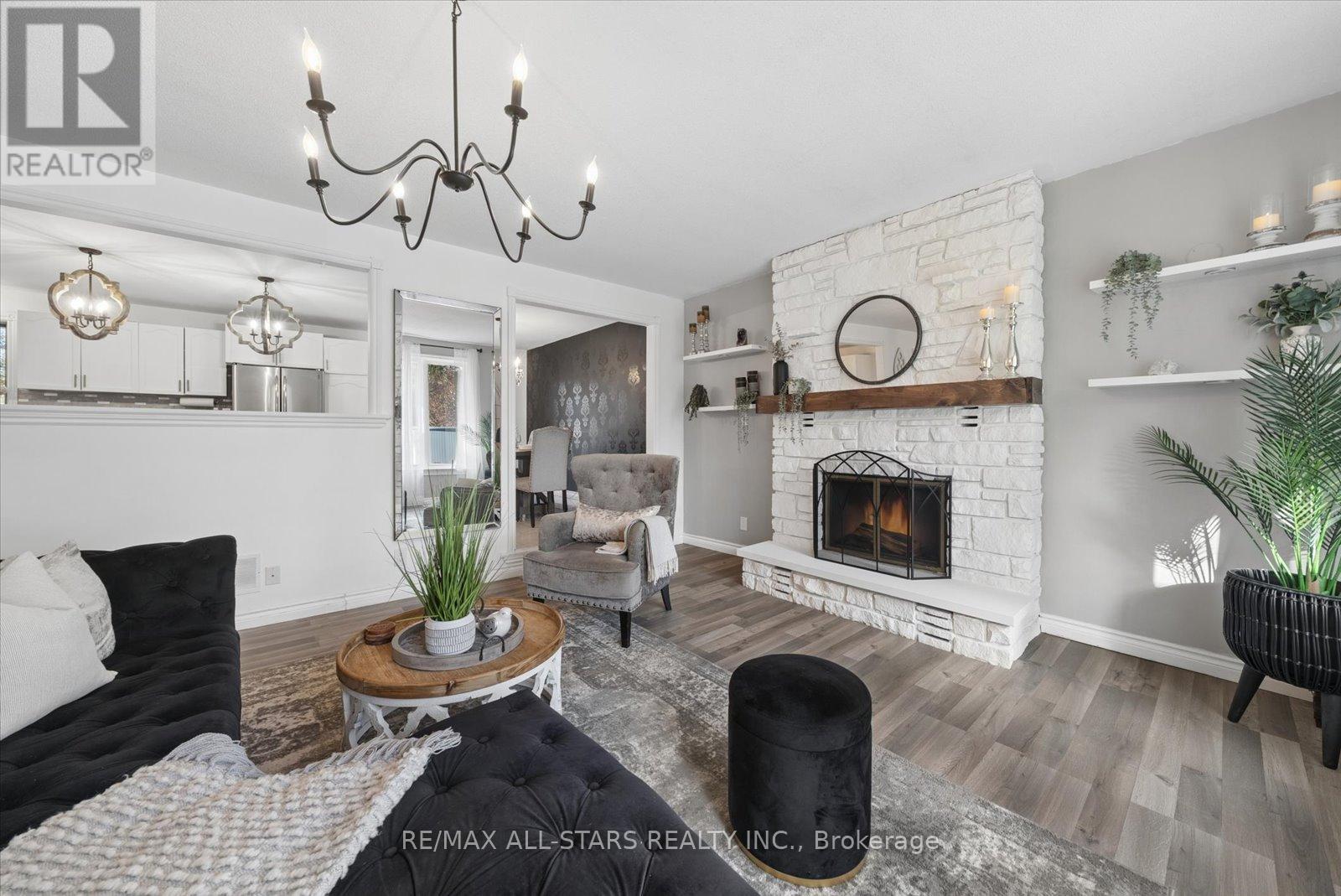 127 Pinecrest Road, Georgina, Ontario  L0E 1N0 - Photo 8 - N13154980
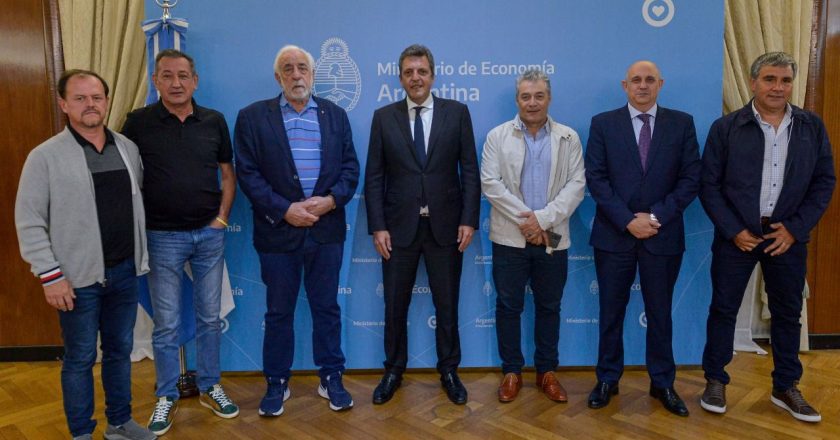 Los gremios del transporte agrupados en la UGATT siguen en estado de alerta y esperarán el lunes una respuesta de Massa a su pedido de un bono para jubilados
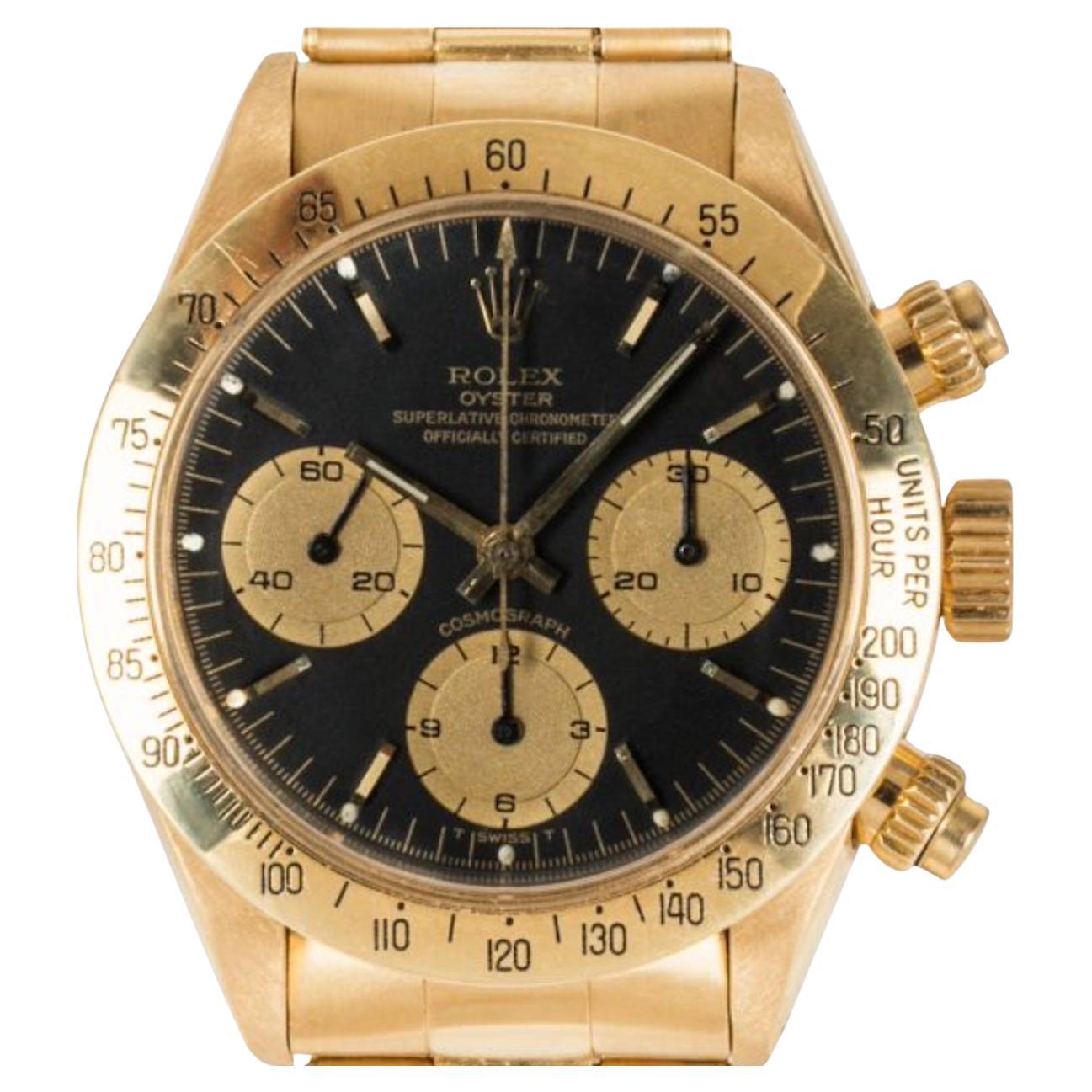 An extremely rare vintage Cosmograph Daytona with the reference 6265 crafted in yellow gold, which is known to be manufactured in limited amounts. Specifically, it is claimed that no more than 200 examples were cased in yellow gold when 6265 was in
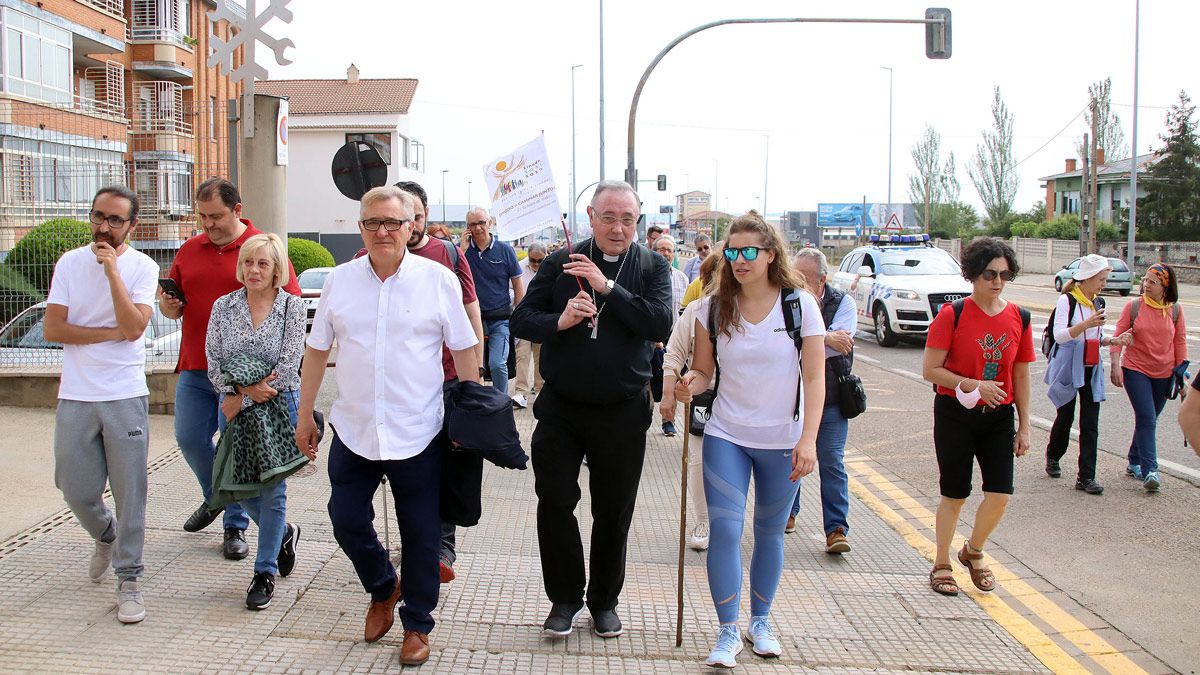 El alcalde de Valverde de La Virgen, David Álvarez, el obispo, Luis Ángel de las Heras, y la delegada, Ester Muñoz. | PEIO GARCÍA / ICAL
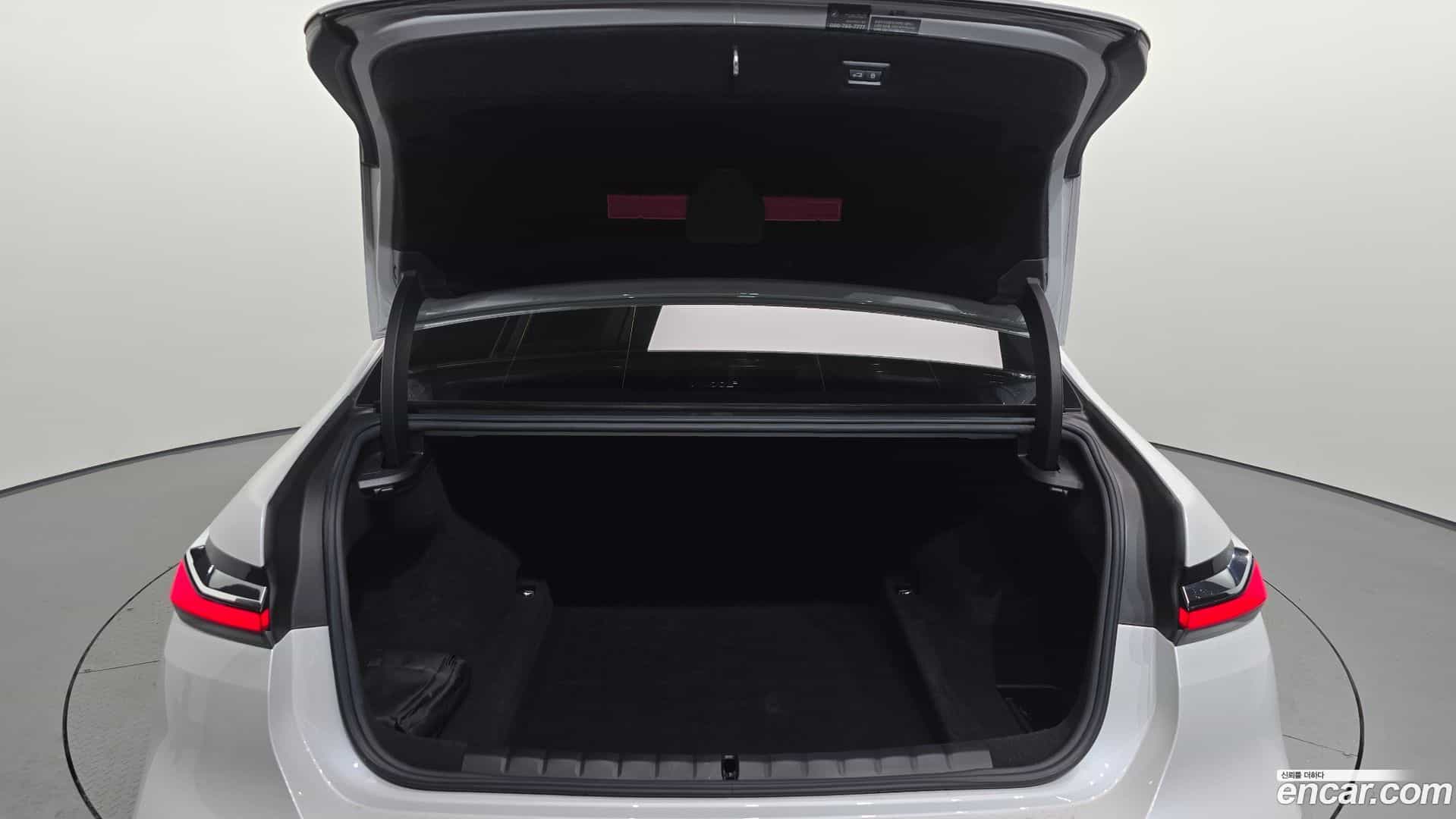 7-Series BMW 2024.4-OPTION-021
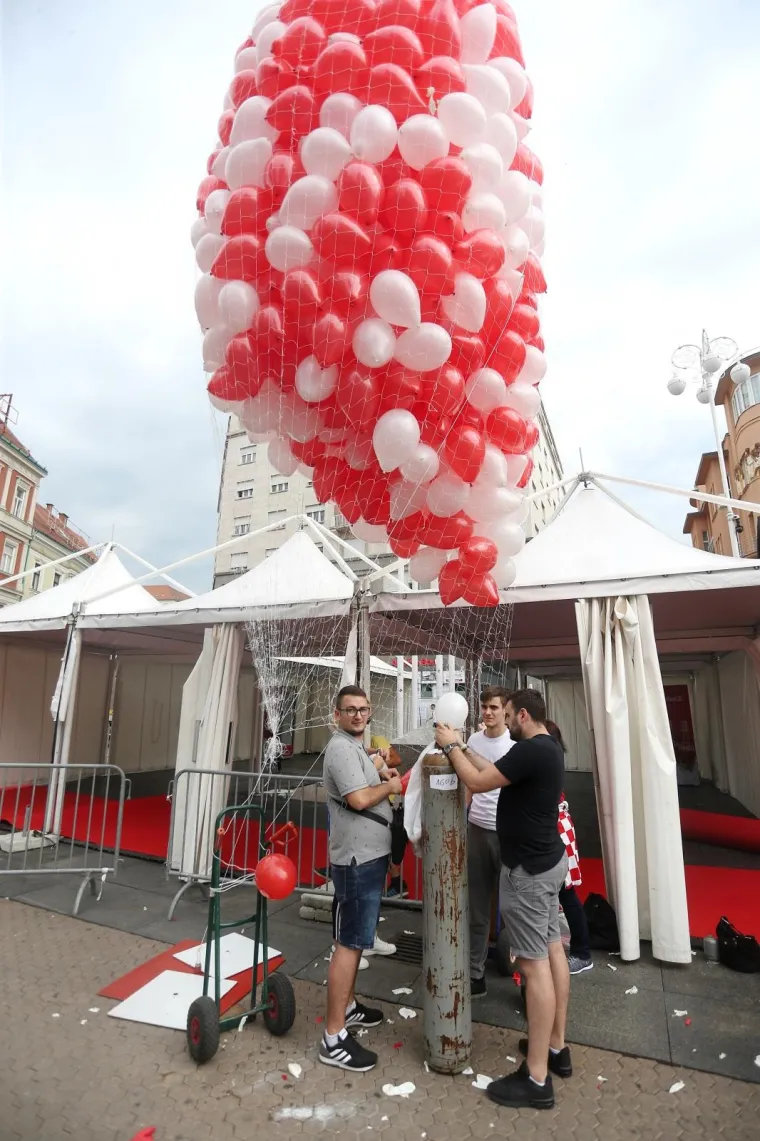 POČELE PRIPREME ZA VELIKO SLAVLJE: Građani se okupljaju na sredi&scaron;njem zagrebačkom trgu kako bi dočekali Vatrene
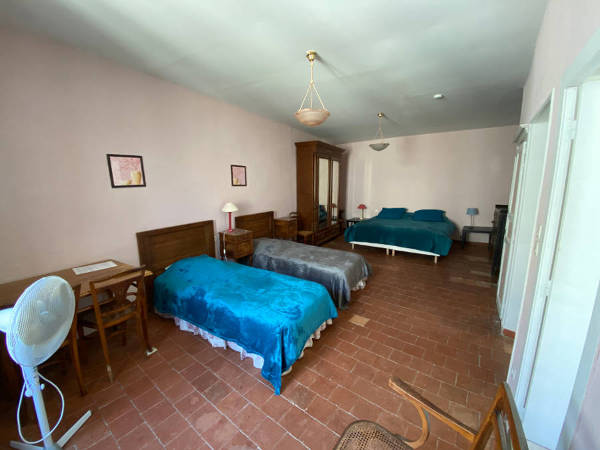 The pink room slider4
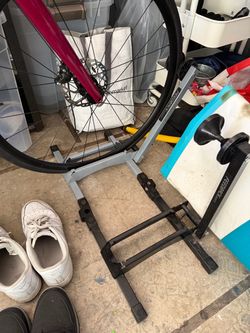 2 Feedback Sports bike stand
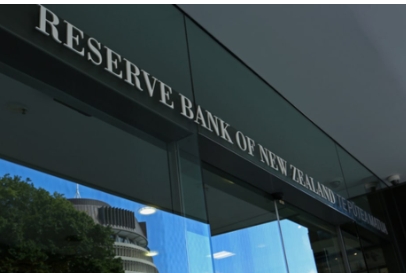 (상보) RBNZ, 기준금리 5.50%로 동결..."위원회, 금리가 제약적 수준에 좀더 머물러야 한다는 데 동의"
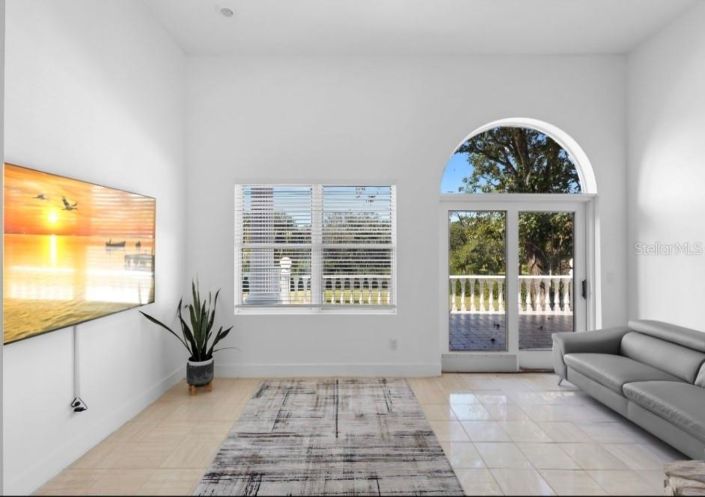 Image No.38-5 Bed House for sale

▶ **EXERCISE REQUIREMENTS**
Word-for-word transcription: the whole listing, with images excluded.

▶ **TASK RESPONSE**
 127 Pinecrest Road, Georgina, Ontario  L0E 1N0 - Photo 8 - N13154980
 Los gremios del transporte agrupados en la UGATT siguen en estado de alerta y esperarán el lunes una respuesta de Massa a su pedido de un bono para jubilados
 An extremely rare vintage Cosmograph Daytona with the reference 6265 crafted in yellow gold, which is known to be manufactured in limited amounts. Specifically, it is claimed that no more than 200 examples were cased in yellow gold when 6265 was in
 El alcalde de Valverde de La Virgen, David Álvarez, el obispo, Luis Ángel de las Heras, y la delegada, Ester Muñoz. | PEIO GARCÍA / ICAL
 7-Series BMW 2024.4-OPTION-021
 POČELE PRIPREME ZA VELIKO SLAVLJE: Građani se okupljaju na sredi&scaron;njem zagrebačkom trgu kako bi dočekali Vatrene
 The pink room slider4
 2 Feedback Sports bike stand
 (상보) RBNZ, 기준금리 5.50%로 동결..."위원회, 금리가 제약적 수준에 좀더 머물러야 한다는 데 동의"
 Image No.38-5 Bed House for sale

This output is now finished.